Frank had survived cancer. He had written a book about being a doctor in the ER and worked in disadvantaged communities. He had found a way to serve. His recent marriage had made him happy, happier than his friends had ever seen him. They could see joy in him, running in his heart – in the prime of his life – what they call a preventable death. Yes there are a lot of those in the world, but now we do it to our own, not just in the hard places, the disadvantaged places, now we see how easily we can do it to ourselves. Coming home to roost. All the ignorance and greed, all the copping out, all the false information, all the lies and incompetence all the complacency, coming home, running wild. Now we get to break our own hearts. Kill the ones we love.

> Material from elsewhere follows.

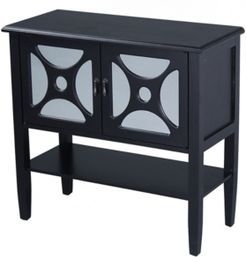 Heather Ann Asia 2-Door Console Cabinet with Shelf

Saudi Arabia and Yemen signed a cease-fire, as Stephen Colbert said the other night, ”it is too dangerous a time to be killing each other.” Was it that easy after all that, just to stop? Sign on the line. Power Prince and War Lord get together. Fear creeps into the palaces, past the armed soldiers – all vulnerable now to the strange persistent malice of a tiny piece of genetic material wearing a lipid coat and protein crown. It is not safe to gather in the war room to launch the missiles. The launch key pads need to be cleaned too often. It is hard to do social distancing and social carnage at the same time. Jared Kushner is good friends with the Crown Prince. The suave butcher. – the well educated killer. Easy to get along with. Whatever you want. Whatever money can buy. Power brothers –  shysters. There is an old old part of me that wants to throw the curse, cross the line. Light the fuse. Send them down.

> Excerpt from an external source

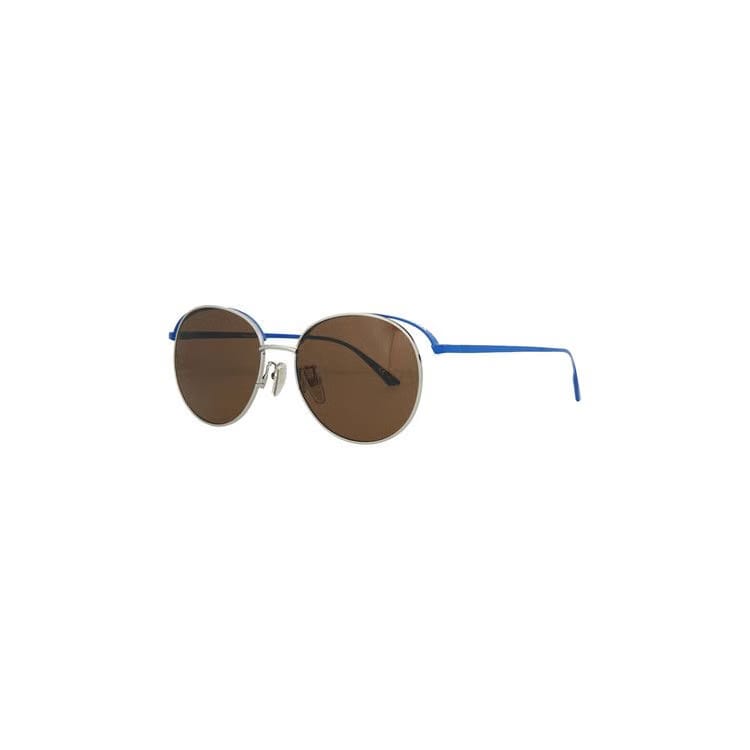 Balenciaga Round Frame Metal Sunglasses Silver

God help us, there is rage, rage inside this rage. Emerson tells us. Let it rip – let it “draw out of you that dream power, that river of electricity, that every night shows thee is thine own.” Let it consume. Burn. Run wild. There is a place for fire. There is heat in our bodies that can ignite the mind, tighten the eyes. That can kill. God help us. God help us all. Righteous ones. Throw the first stone. Can’t say I ever ordered people to murder and mutilate a journalist, then executed them to cover my ass. All in a days work. No problem we can’t manage. A little fallout in the media, a few calls to Jared. Funny how the spikes of the crown help it attach itself to target cells, how it fuses with these target cells, removes its protein coat and releases its virus genome, how it borrows cellular machinery to build more viruses – to spread evil and malice – consolidate its hold.

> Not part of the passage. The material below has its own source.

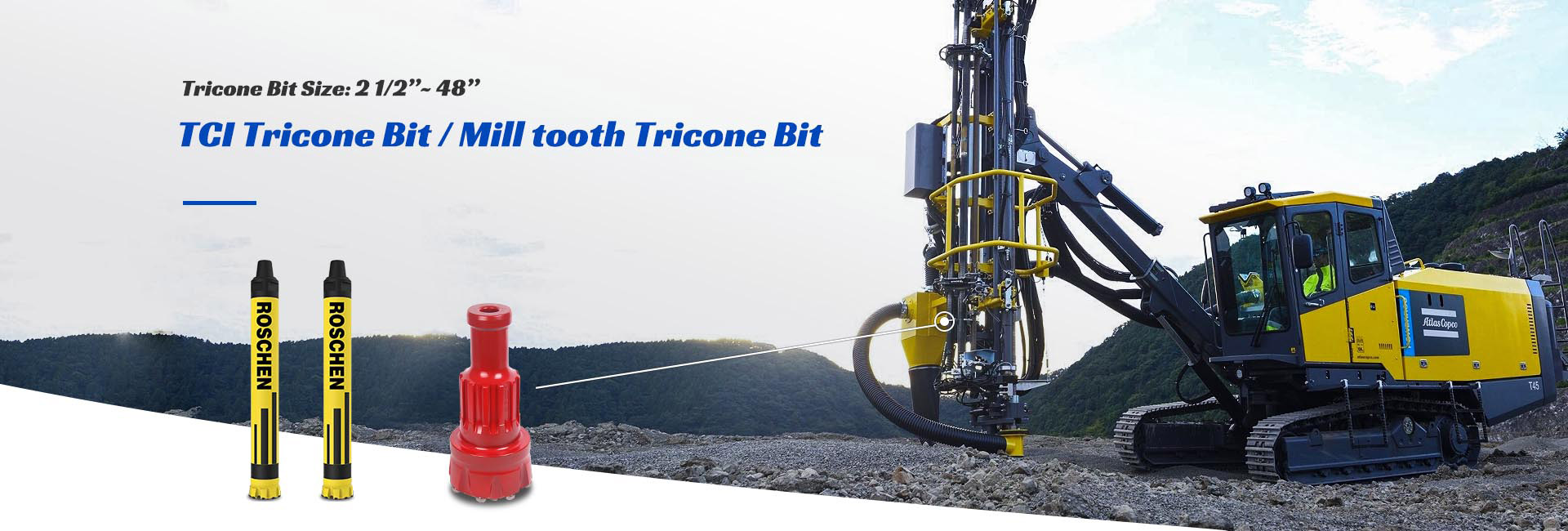 DTH Drill Bit Products Application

Frank was steady each day. Maybe some tears at night, but steady on the job. Whatever needs to be done. Clean the mask as well as you can for reuse. You can only do what is possible. Heal those you can. Fight for life, each life, whatever it takes. Compassion, compassion for the dying, for the loved ones, for the doctors and nurses and support staff. No room for anything else. Day by day. A different fire, a different fuel. A day by day close fought battle with the tiny crown prince piece of genetic material. Clean the surfaces, wash your hands, disinfect your heart, wipe it off, don’t let those sticky spikes get hold on you. Daily, hourly, minute by minute clean up. It is in the close in care. The eye contact with a frightened patient – a word said, even a touch on the protective clothing, with a torn glove.

There is a world inside this one – that is the one I choose.